Summer Camp - Welcome to Condale

Not aware of Summer Camp? This is their first album proper following last year's excellent Young EP, so why should you be? Back before it was standard, Jeremy Warmsley was doing a rather nice job - excelling even - at the romantic, braces-wearing, geek-chic end of the singer/songwriter spectrum. Elizabeth Sankey was a scribe over at NME, scribbling away about bands she probably wanted to front. Together, the two form Summer Camp, a duo that takes Warmsley's sometime electronic leanings and shapes them into sweet-as-sugar pop songs directed by John Hughes and starring Sankey as our cooing heroine.

This is a great album.
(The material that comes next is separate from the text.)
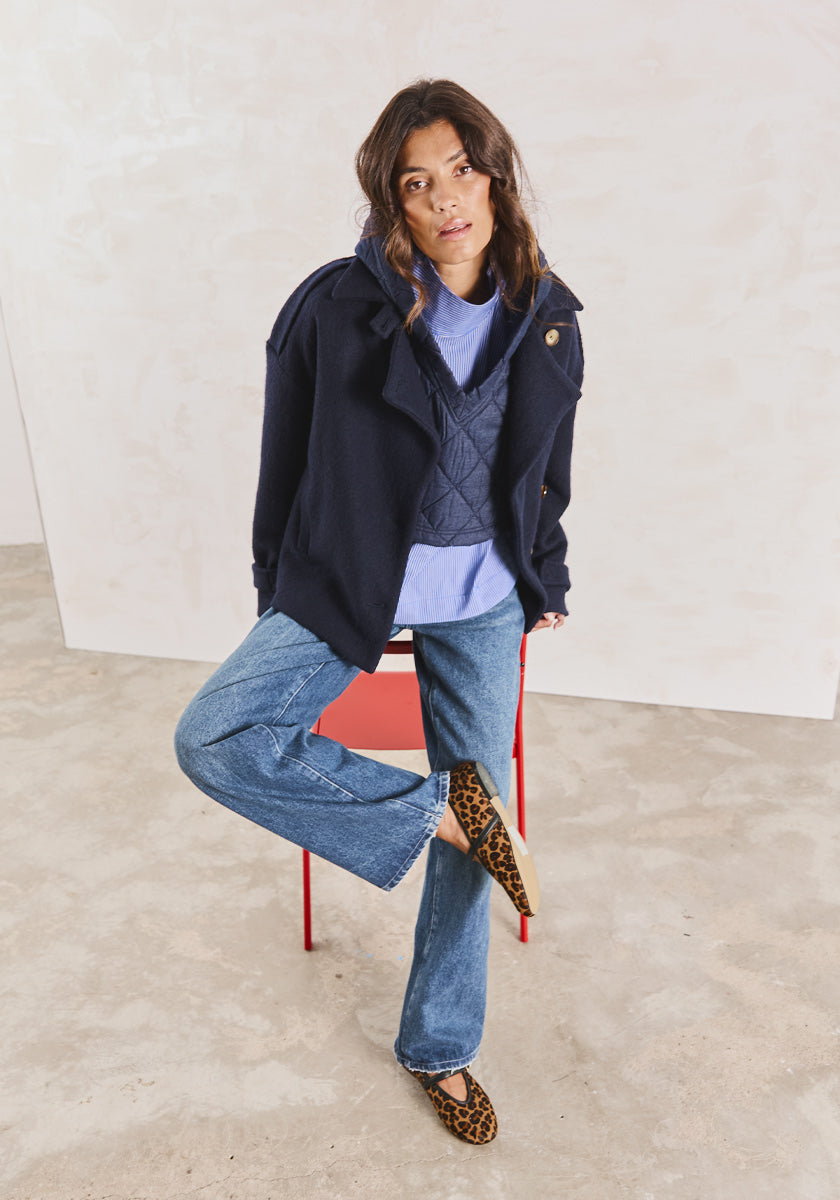 ★ SONGE Studio ★ Manteau ALVARO Navy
The indie blogs were dribbling (and rightly so) at the prospect of this pairing but it's pop fans, old and new, who should embrace this album and start scribbling 'I heart Summer Camp' on their biology textbooks. 'Ghost Train', which first appeared on Young, has graduated to album status and its catchy, woozy, dreamy-eyed scene-setting sits well alongside new tracks and live favourites like the eponymous 'Summer Camp'. Sankey takes lead on vocals, lending songs such as 'Better Off Without You' and 'Done Forever' the naivety and vulnerability of a sixteen year-old singing her diary entries out loud, while Warmsley provides his own vocal talents here and there (check out 'Brian Krakow', named so after My So-Called Life's loser-in-teen-love) but is primarily concerned with imbuing this lo-fi pop gold with as much gravitas as possible.

By the end of Welcome to Condale, you'll want to watch Pretty in Pink and Heathers back-to-back and maybe have a good cry about the fact that Andrew McCarthy nor either one of the Coreys asked you to prom. It's angsty, nostalgic, tear-stained, knowing, a little bit drunk, purposefully adolescent and vibrant because of it: basically, it's a celebration of youth and all the seemingly universal trials, tribulations and heightened dramas that come with the territory. If you enjoy The Drums' East Coast indie boy take on foppish 80s Brit-pop, you'll love this quintessentially British pair's lovingly constructed paeans to the American teen dream.